What is UV radiation?

UV radiation is part of the electromagnetic (light) spectrum that reaches the Earth from the Sun. The wavelength of UV radiation is shorter than the visible light spectrum, making it invisible to the naked eye. Radiation by wavelength is divided into UVA, UVB and UVC, with UVA being the longest wavelength (320-400 nm, where nm is a billionth of a meter). UVA is subdivided into two more wavelength ranges: UVA I (340-400 nm) and UVA II (320-340 nm). The UVB range is from 290 to 320 nm. The shorter UVC rays are absorbed by the ozone layer and do not reach the earth's surface.

However, two types of rays - UVA and UVB - penetrate the atmosphere and are the cause of many diseases - premature skin aging, eye damage (including cataracts) and skin cancer. They also suppress the immune system, reducing the body's ability to fight these and other diseases.

UV radiation and skin cancer

By damaging the skin's cellular DNA, excessive UV radiation causes genetic mutations that can lead to skin cancer. Therefore, both the US Department of Health and Human Services and the World Health Organization have recognized UV as a proven human carcinogen. UV radiation is considered the main cause of non-melanoma skin cancer (NMSC), including basal cell carcinoma (BCC) and squamous cell carcinoma (SCC). These cancers affect more than a million people worldwide each year, of which more than 250,000 are US citizens. Many experts believe that, especially for people with pale skin, UV radiation often plays a key role in the development of melanoma, the deadliest form of skin cancer that kills more than 8,000 Americans every year.

UV A radiation

Most of us are exposed to a lot of UV light throughout our lives. UVA rays account for up to 95% of the UV radiation that reaches the Earth's surface. Although they are less intense than UVB, UVA rays are 30 to 50 times more common. They are present with relatively equal intensity throughout the daylight hours throughout the year and can penetrate clouds and glass.

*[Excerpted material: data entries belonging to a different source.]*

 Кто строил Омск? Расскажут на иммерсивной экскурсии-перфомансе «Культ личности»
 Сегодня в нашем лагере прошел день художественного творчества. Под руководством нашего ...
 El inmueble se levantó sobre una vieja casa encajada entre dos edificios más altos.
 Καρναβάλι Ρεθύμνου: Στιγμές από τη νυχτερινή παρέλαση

It is UVA, which penetrates the skin more deeply than UVB, that is to blame for skin aging and wrinkling (so-called solar geroderma), but until recently, scientists believed that UVA did not cause significant damage to the epidermis (the outermost layer of the skin), where most cases of skin cancer. However, studies over the past two decades show that it is UVA that damages skin cells called keratinocytes in the basal layer of the epidermis, where most skin cancers develop. Basal and squamous cells are types of keratinocytes.

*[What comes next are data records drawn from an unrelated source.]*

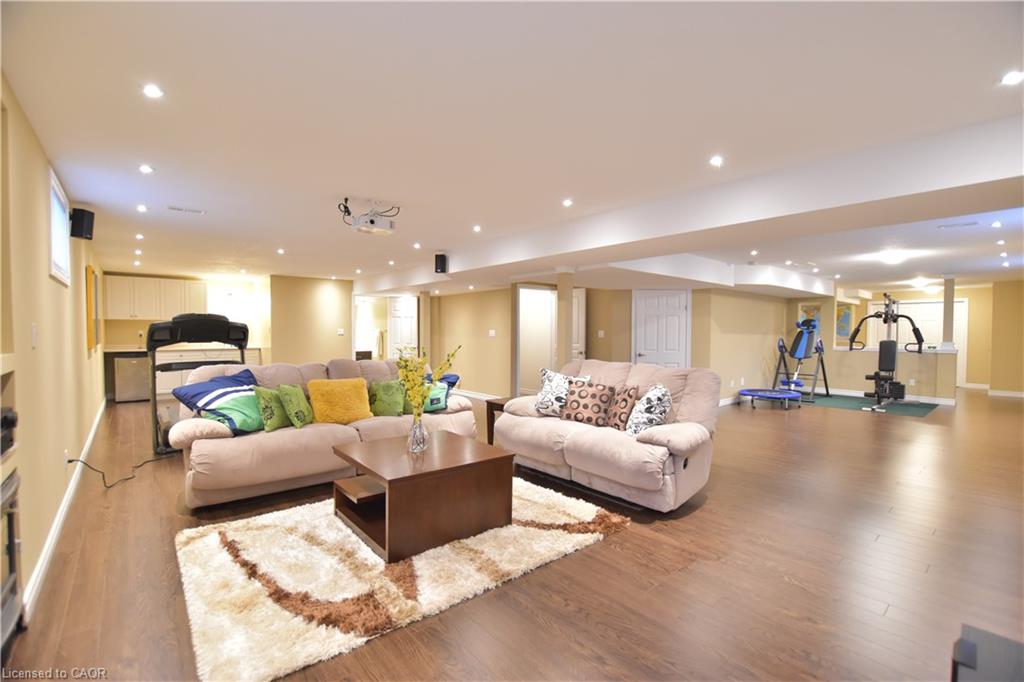 512 Terrington Crescent Property Photo 45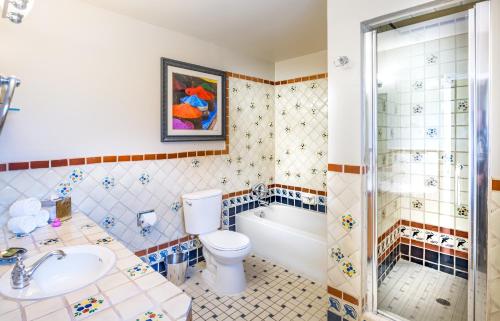 El Cordova - image 11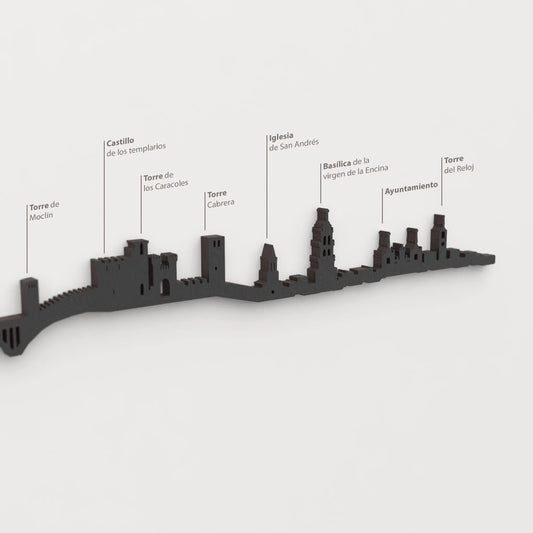 Skyline Ponferrada – detalle de la Torre de Moclin en madera negra.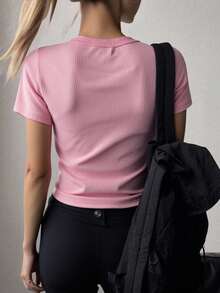 "Blusa corta juvenil de canalé con cuello en V sutil y manga corta" - Rosa Pálido - Ver 4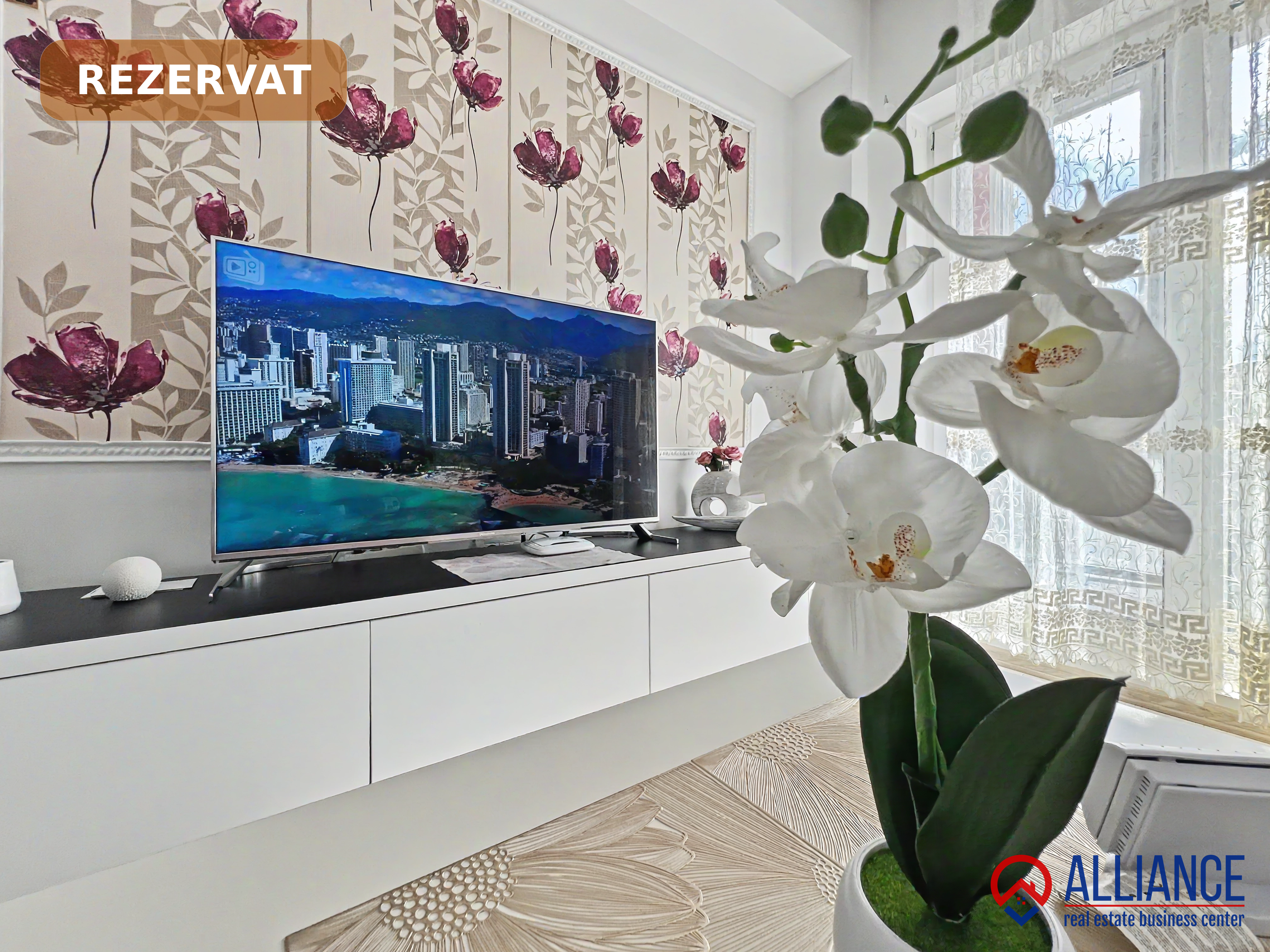 COMPOZITORI- Un apartament luminos, exact unde orașul se mișcă - Imagine principala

UVA is also the main cause of tanning, and we now know that tanning (whether outdoors or in a tanning bed) causes damage to the skin that gets worse over time as the skin's DNA gets damaged. It turns out that the skin darkens precisely because in this way the body tries to prevent further DNA damage. These mutations can lead to skin cancer.

An upright tanning bed mainly emits UVA. The lamps used in tanning salons emit 12 times more UVA than the sun. Not surprisingly, people who use a tanning salon are 2.5 times more likely to develop squamous cell carcinoma and 1.5 times more likely to develop basal cell carcinoma. According to recent studies, first exposure to a tanning bed at a young age increases the risk of melanoma by 75%.

UV B radiation

UVB, which are the main cause of skin redness and sunburn, mainly damages the more superficial epidermal layers of the skin. UVB plays a key role in the development of skin cancer, aging and skin darkening. The intensity of radiation depends on the season, location and time of day. The most significant amount of UVB hits the US between 10:00 am and 4:00 pm from April to October. However, UVB rays can damage the skin all year round, especially at high altitudes and on reflective surfaces such as snow or ice, which bounce back up to 80% of the rays so that they hit the skin twice. The only good news is that UVB practically does not penetrate glass.

Protective measures

Remember to protect yourself from UV radiation both indoors and outdoors. Always look for shade outside, especially between 10:00 and 16:00. And since UVA penetrates glass, consider adding a tinted UV protection film to the top of your car's side and rear windows, as well as your home and office windows. This film blocks up to 99.9% of UV radiation and transmits up to 80% of visible light.

When outdoors, wear sun protection clothing with UPF (Ultra Violet Protection Factor) to limit UV exposure. The higher the UPF values, the better. For example, a shirt with UPF 30 means that only 1/30th of the sun's ultraviolet radiation can reach the skin. There are special additives in laundry detergents that provide higher UPF values ​​in ordinary fabrics. Do not ignore the opportunity to protect yourself - choose those fabrics that have the best protection from the sun's rays. For example, bright or dark shiny clothes reflect more UV radiation than light and bleached cotton fabrics; however, loose clothing provides a greater barrier between your skin and the sun's rays. Finally, wide-brimmed hats and UV-protective sunglasses help protect the sensitive skin on the forehead, neck, and around the eyes—these areas typically suffer the most damage.

Protective Factor (SPF) and UV B radiation

With the advent of modern sunscreens, it has become a tradition to measure their effectiveness with the sun protection factor, or SPF. Oddly enough, SPF is not a factor or a measure of protection as such.

These numbers simply indicate how long it takes for UVB rays to redden the skin when using sunscreen compared to how long the skin would redden without the product. For example, using sunscreen with SPF 15, a person will prolong the time of safe exposure to the sun by 15 times compared to exposure in similar conditions without sunscreen. Sunscreen SPF 15 blocks 93% of the sun's UVB rays; SPF 30 - 97%; and SPF 50 - up to 98%. A cream with an SPF of 15 or even higher is essential for adequate day-to-day skin protection during the sunny season. For longer or more intense sun exposure, such as being at the beach, SPF 30 or higher is recommended.

sunscreen component

Since UVA and UVB are harmful to the skin, protection from both types of rays is essential. Effective protection starts with an SPF of 15 or higher, and the following ingredients are also important: stabilized avobenzone, ecamsule ( also known as MexorylTM), oxybenzone, titanium dioxide, And zinc oxide. On sunscreen labels, phrases like “multiple spectrum protection”, “broad spectrum protection”, or “UVA/UVB protection” all indicate that UVA protection is provided. However, such phrases may not be entirely true.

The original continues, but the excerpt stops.